Nothing good can come of this.

Let's move on to another incident. That of John Ringo and his momentary guestness at ConCarolina. It was announced a couple of days ago that Ringo would be a guest at ConCarolina, and a number of folks immediately objected and withdrew their own attendance because of things Ringo has said and some themes of his writing.

I admit, I own a number of Ringo's books in digital format from when I purchased many of Baen's ebooks. I know I've read at least one, but I honestly cannot remember any titles or plotlines of any of them. I think his writing didn't appeal to me, or I considered it filler to read while waiting for something good. I don't know. But his works clearly lacked impact and didn't connect with me. At the time I purchased them, I wasn't aware of his ... opinions on women. If I had been, I would not have purchased anything by him.

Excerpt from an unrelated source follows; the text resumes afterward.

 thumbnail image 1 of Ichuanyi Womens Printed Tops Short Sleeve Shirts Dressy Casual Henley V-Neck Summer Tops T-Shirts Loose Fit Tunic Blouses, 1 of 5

That said, ConCarolina has now disinvited Ringo, which isn't going to make the problem go away for the convention. In fact, it's a very bad sign after a similar incident hurt Odyssey Con last year, and several invited guests withdrew. As a person involved in conventions, these stories break my heart. It's so hard to get a convention going, so hard to figure out costs and then who to invite. And if you invite someone who is problematic, even if you are unaware of the problems, you might sink your entire effort.

It's enough to make a person swear off conventions. Certainly enough to make being on a concom a dangerous and scary job. I admit I admire those members of fandom who volunteer their time for such a thankless task even more after learning about these various problems.